Trump calls for ending visa program after NY attack, blasts Democrats

WASHINGTON: President Donald Trump on Wednesday seized on the deadly New York City truck attack to step up demands for stricter US immigration laws, asking Congress to end a visa program that let the Uzbek suspect into the country and saying he might send him to Guantanamo Bay.

In a day of harsh recriminations over Tuesday's attack that killed eight people in America's largest city, Trump appeared to assign some blame for an incident that authorities have labeled as terrorism to top Senate Democrat Chuck Schumer, who accused Trump of politicizing a national tragedy.

Trump said he would consider sending the suspect, identified by authorities as Sayfullo Saipov, to the military prison at the US naval base at Guantanamo Bay, Cuba, which his Democratic predecessor Barack Obama tried but failed to shut. No detainee has been sent to the Guantanamo prison since 2008.
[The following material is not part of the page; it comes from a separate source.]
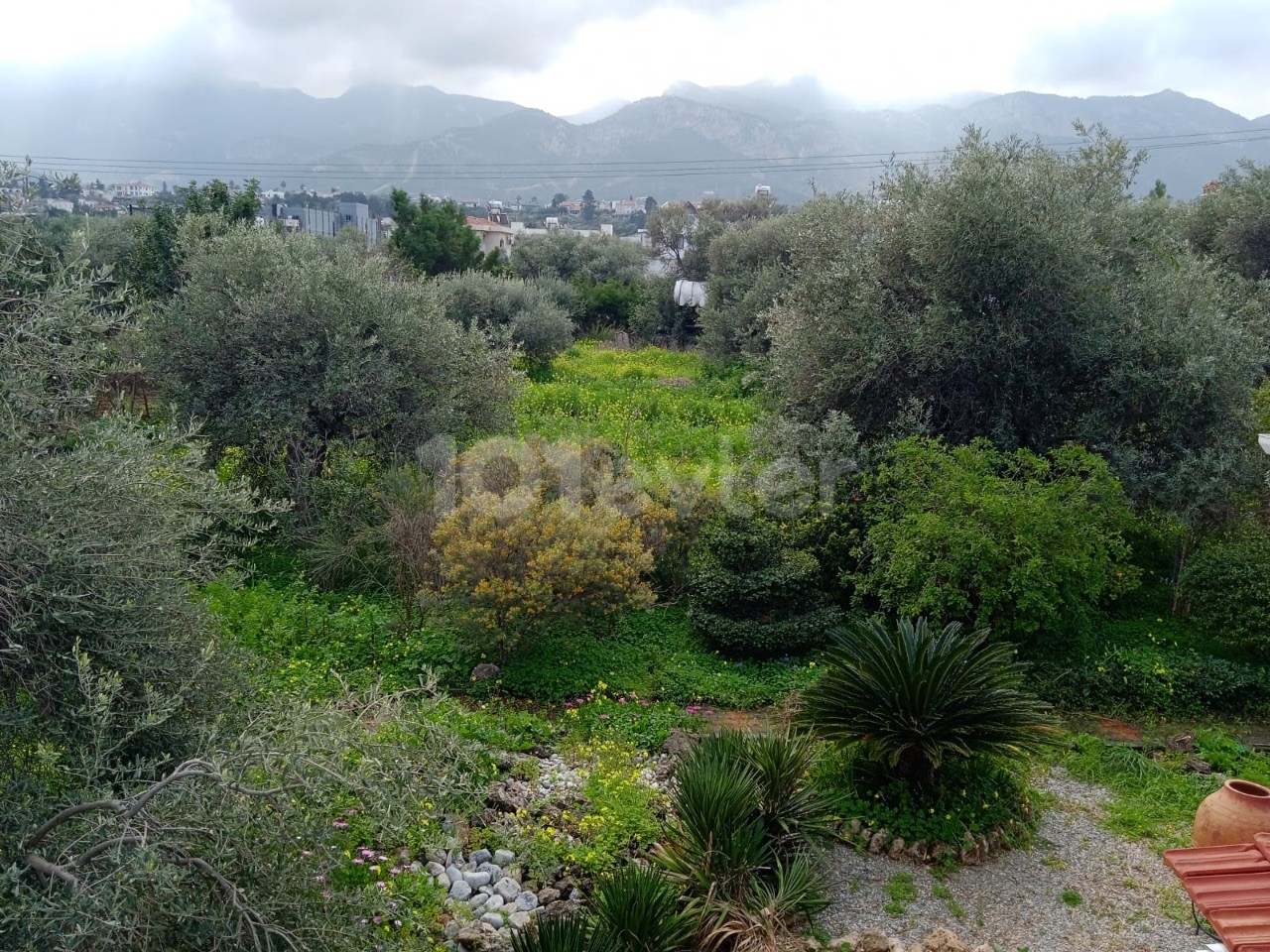 ویلا برای فروش in Çatalköy, گیرنه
White House spokeswoman Sarah Sanders later told reporters that Trump considers Saipov an "enemy combatant," a designation that would curtail his legal rights. Trump called the suspect "this animal" and lambasted the US justice system for terrorism suspects as "a joke" and "a laughingstock."

Since taking office in January, Trump has sought to increase deportations of illegal immigrations and limit legal immigration.

The Department of Homeland Security said Saipov entered the United States in 2010 through the so-called diversity visa program, designed to provide a path to US residency for citizens from countries with historically low rates of immigration to the United States.

Authorities said Saipov drove a rented truck along a bike path in lower Manhattan, mowing down cyclists and pedestrians. Police shot and wounded Saipov before arresting him.

Trump reprised what has been his stance as a White House candidate and as president - that tougher immigration laws should be a first line of defense against such attacks.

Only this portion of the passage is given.